7) How many flexible working requests can an employee make in any 12-month period?

Subject to having at least 26 weeks’ continuous employment an employee is only entitled to make one flexible working request in any 12-month period.

8) On what grounds can you refuse a flexible working request?

There are a finite number of reasons that will justify the refusal of a flexible working request these are:

– the burden of additional costs;

– detrimental effect on ability to meet customer demand;

– inability to reorganise work among existing staff;

– inability to recruit additional staff;

– detrimental impact on quality;

– detrimental impact on performance;

– insufficiency of work during the periods the employee proposes to work; or

– planned structural changes.

You should not refuse a request just on the basis of a reasons above though, you will need to demonstrate why any of the above apply.

9) If an employee is signed off work after you commence a disciplinary or capability procedure, can you continue that process?

In short, yes. However, the process may take a little longer and depending on the reason for their absence you may need to consider making adjustments, for example:

– extending the right to a companion to their family member;

– offering to meet in a neutral place;

– arranging to have regular breaks; or

– offering for them to provide submissions in writing.

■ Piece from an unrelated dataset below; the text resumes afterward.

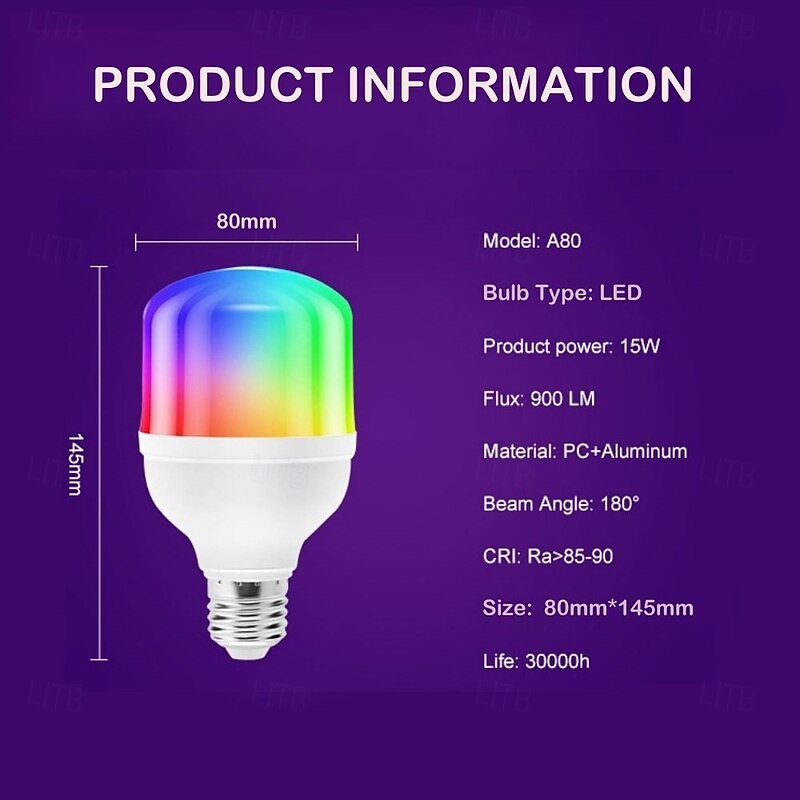 E27/E26 RGB LED Light Bulbs Smart Lights with Remote 15W RGBW Color Changing Light Bulbs 16 Color Multicolor Light Bulb Dimmable Light for Home Decoration Bedroom Stage Bar Party3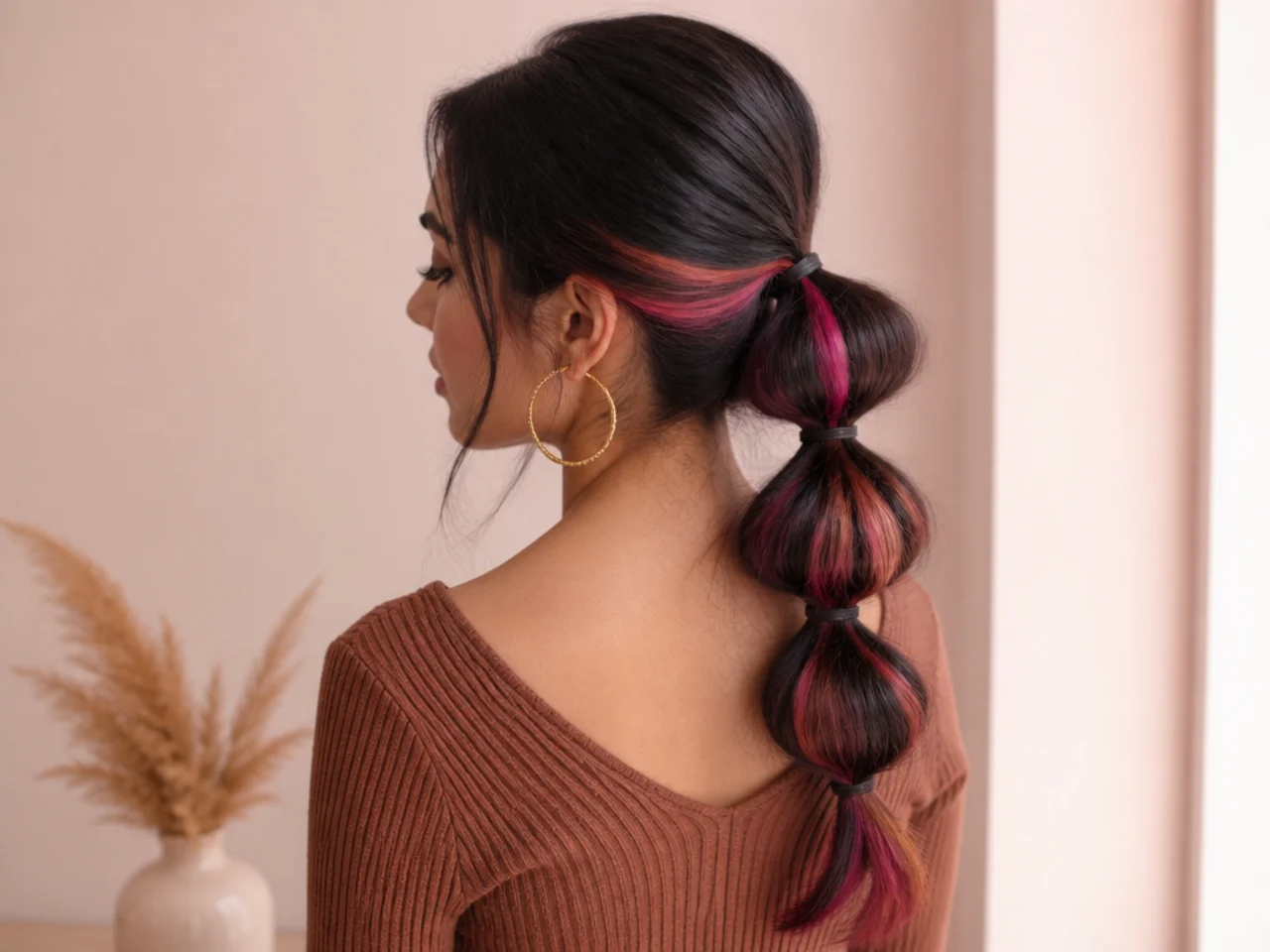 A bubble ponytail with coloured hair showing inside each rounded section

10) Are you still responsible for the health and safety of staff working from home?

Employers are responsible for ensuring a safe working environment for staff regardless of where they work.

If you’re introducing flexible working or homeworking on a permanent basis you need to ensure that staff have appropriate health and safety measures in place. We recommended discussing homeworking setups with staff and producing a risk assessment for each individual’s home environment.

11) If your employees discriminate against or harass another person (such as a colleague, client or, supplier), can you be held liable for their conduct?

You can. This is known as vicarious liability.

Under the Equality act 2010 employers can be vicariously liable for an employee’s discriminatory acts and must take reasonable steps to prevent discrimination and harassment in the workplace. If you don’t have equal opportunities training and an equal opportunities policy in place, it may be quite difficult to demonstrate that you have taken reasonable steps.

12) Can disciplinary or capability processes be used interchangeably?

No. Disciplinary and capability processes are distinct and designed to deal with very different employment issues.

A disciplinary matter should only be used to deal with an employee’s poor behaviour and conduct. A capability issue will arise where an employee lacks skills, training, or experience, or is too sick for a return to work to be feasible.

We like to say that capability processes are for when an employee can’t do what they’re being asked, and a disciplinary is for when they won’t.